AI Center
2020.10
false
Banner background image
AI Center
Last updated Mar 11, 2024

1. Provision an Azure AKS Cluster

This section details the steps that need to be taken when provisioning a AKS cluster to run AI Fabric in a Highly Available, multi-node configuration.

Note:
  • AI Fabric installation is currently supported on a fresh, dedicated AKS cluster. A shared cluster with unknown polices/restriction may need additional workaround and is not officially supported.
  • If your AI Fabric usage is very high & Horizontal scaling is required to support wide variety of AI/ML use cases at your org
  • You need an highly available solution deployed across multiple zones
  • Require Multiple Replicas for both Core & ML Services for Disaster recovery as well as scaling purpose
  • Highly Available Kubernetes Cluster Managed by Azure
  • Highly Available Container Registry Managed by Azure
  • Highly Available Cloud Storage managed by Azure
  • Horizontal Pod Autoscaler i.e Scale no of pods for core services based on workload
  • Kubernetes Cluster Autoscaler i.e increase the no of nodes in the AKS cluster based on demand automatically for both CPU & GPU Node Pools
  • Taints for GPU to ensure GPU resources are used for desired purpose
  • Certificates are provisioned & managed through Cert Manager

Prerequisites

  1. AKS Cluster with minimum two node-pools. At least one node-pool with GPU type nodes and proper taints.
  2. Azure Container Registry in the same RG as of the Cluster
  3. One storage account in the same RG as of the Cluster
  4. One application Insights instance in the same RG as of the Cluster
  5. SQL Server with databases created

Installation steps overview

This section provides a high level overview of the steps, the next two sections break this process down in detail.

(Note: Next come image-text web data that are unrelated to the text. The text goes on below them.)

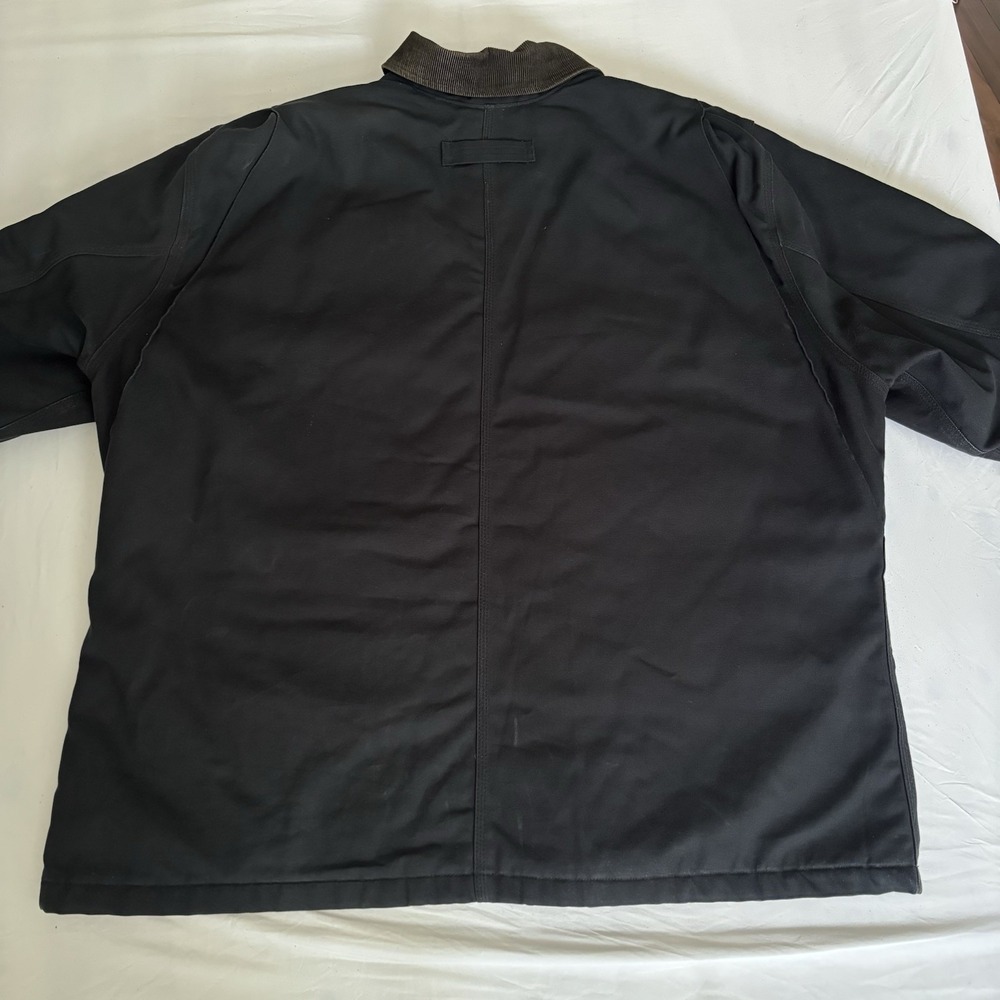 Dickies Jacket Mens 3XL Black Heavyweight Quilt Lined Field Vintage Big & Tall - Picture 9 of 16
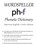 Wordspeller Phonetic Dictionary, Diane M Frank - Overig - 9780983038146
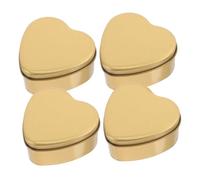 DEARMAMY 4 pièces Boîte Tin de Forme de Cœur pour de pour Saint Valentin Stockage Pratique pour et Souvenirs Conception Sûre et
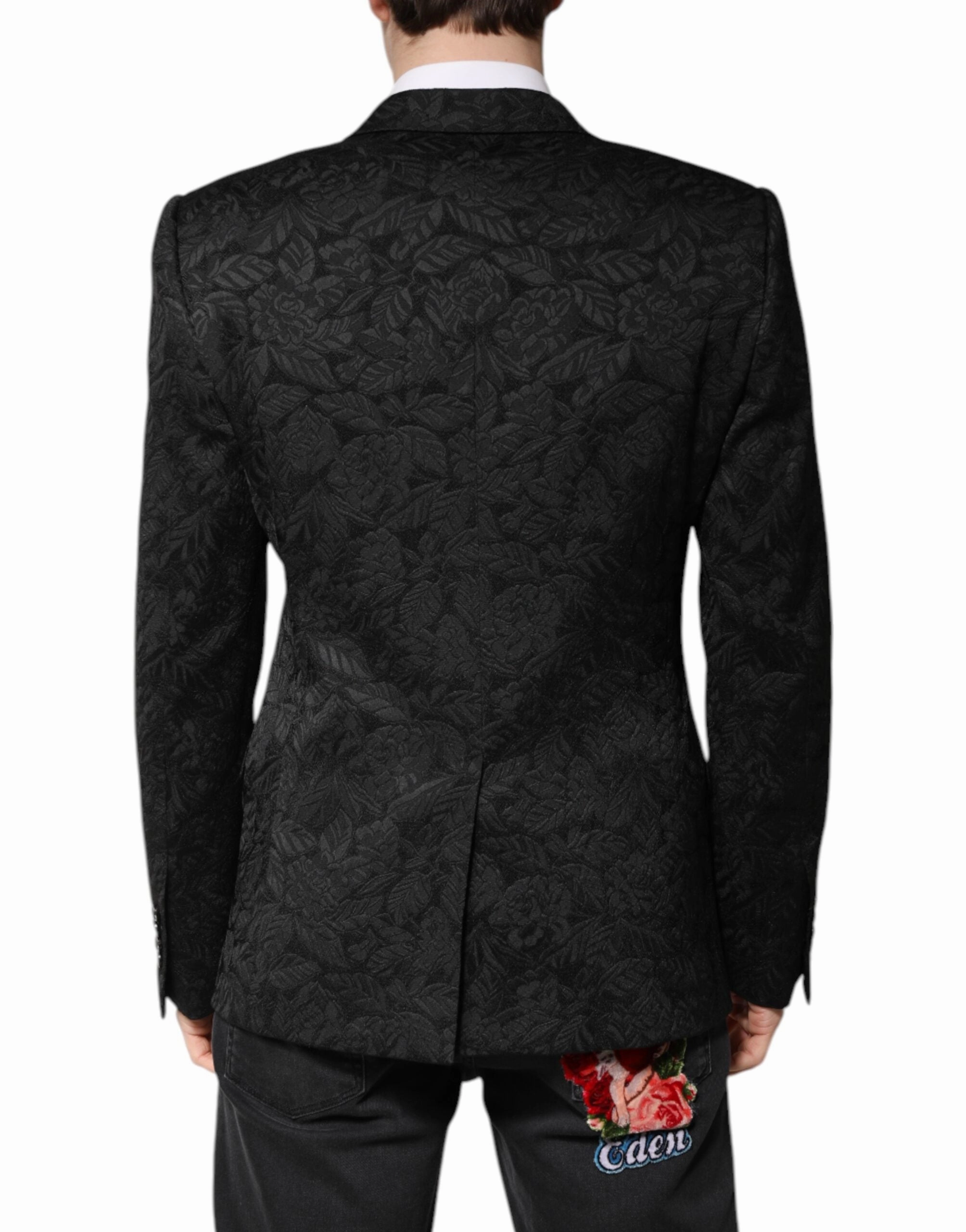 Dolce & Gabbana MARTINI Brocade Single Breasted Men's Blazer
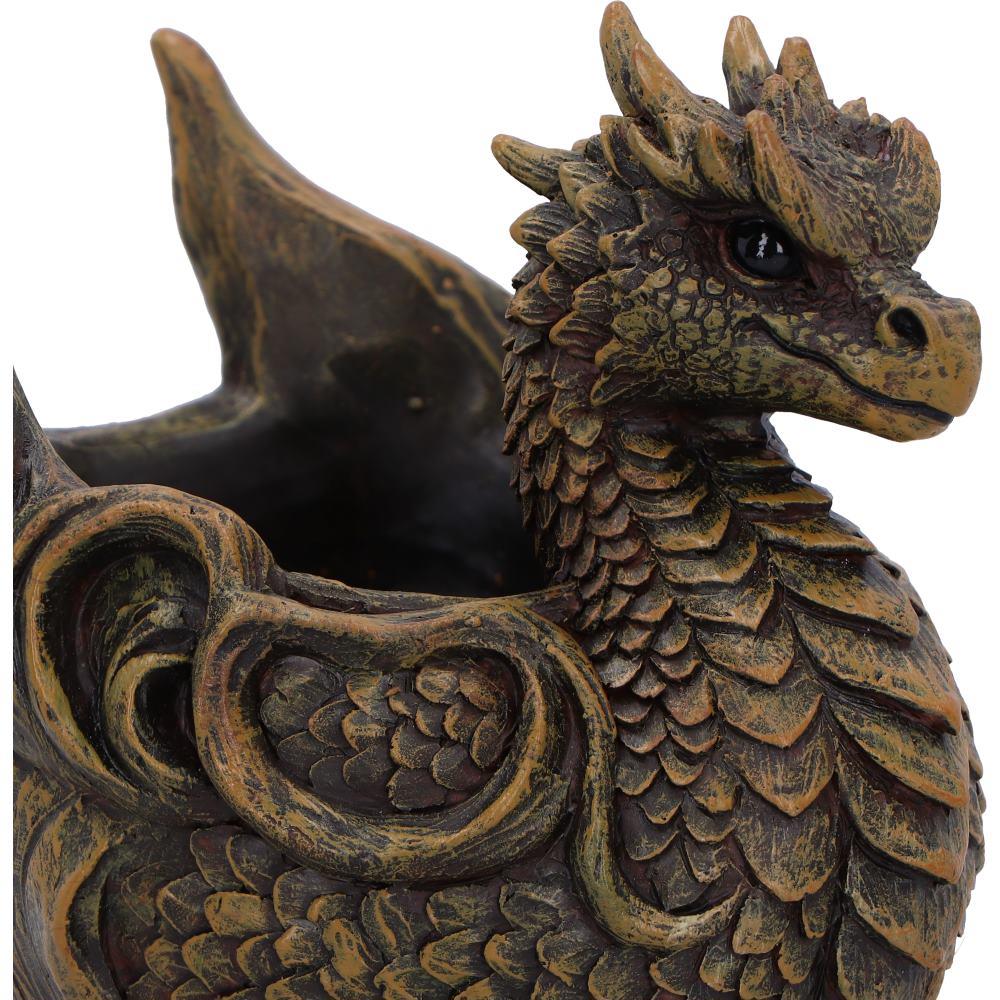 Mythical Dragon Treasure Dish Gothic Jewellery Holder Ornament Fantasy Sculpture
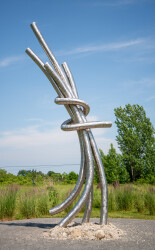 American sculptor Mike Hansel has collaborated on public installations of outdoor sculptures throughout the United States.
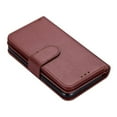 thumbnail image 4 of Dteck Case For Samsung Galaxy Note 20 Ultra (6.9 inches), Magnetic PU Leather Wallet Strap Case Flip with 9 ID&Credit Card Slots Pocket Stand Protective Phone Cover ,Brown, 4 of 5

  1. User creates AKS Cluster, Azure Container Registry, 1 storage account, 1 application-insights instance.
  2. Oneinstaller will take following things as input :

    AKS Cluster name
    AKS Cluster Resource Group
    AKS Worker Resource Group
    ACR Endpoint
    ACR Name (Username)
    ACR Password
    Storage Account Name
    Storage Account Key
    Application Insights Key
    Flag to indicate whether to expose kotsadm service or not
    DNS Prefix Name for aifabricAKS Cluster name
    AKS Cluster Resource Group
    AKS Worker Resource Group
    ACR Endpoint
    ACR Name (Username)
    ACR Password
    Storage Account Name
    Storage Account Key
    Application Insights Key
    Flag to indicate whether to expose kotsadm service or not
    DNS Prefix Name for aifabric
  3. Then customer logs in to shell.azure.com, sets the correct subscription ID - using "az account set --subscription"
  4. Shell should have kubectl installed already.
  5. Then copy the one-installer bundle to the shell, unzip it and run bash setup.sh, above values can either be passed via command line or if it is not passed in command line, our installer will again ask for them.
  6. Enter "azure" in platform input. And everything else will be provisioned after this.

Components to be installed by One-Installer

  • Kotsadmin and kots application in aifabric namespace
  • Istio installation in istio-system namespace
  • Create containers in the storage account provided by them (equivalent of buckets)
  • Apply CORS policy on the storage account
  • Assign the provided dns prefix to the Public IP of the istio gateway
  • Install Cert Manager in cert-manager namespace
  • Install Velero (in velero namespace), create a backup and schedule regular backups.

Detailed infra setup

Creating an AKS Cluster

Skip this step if you already have AKS cluster installed. Kubernetes version should be 1.16, 1.17 or 1.18. Other versions are not supported currently.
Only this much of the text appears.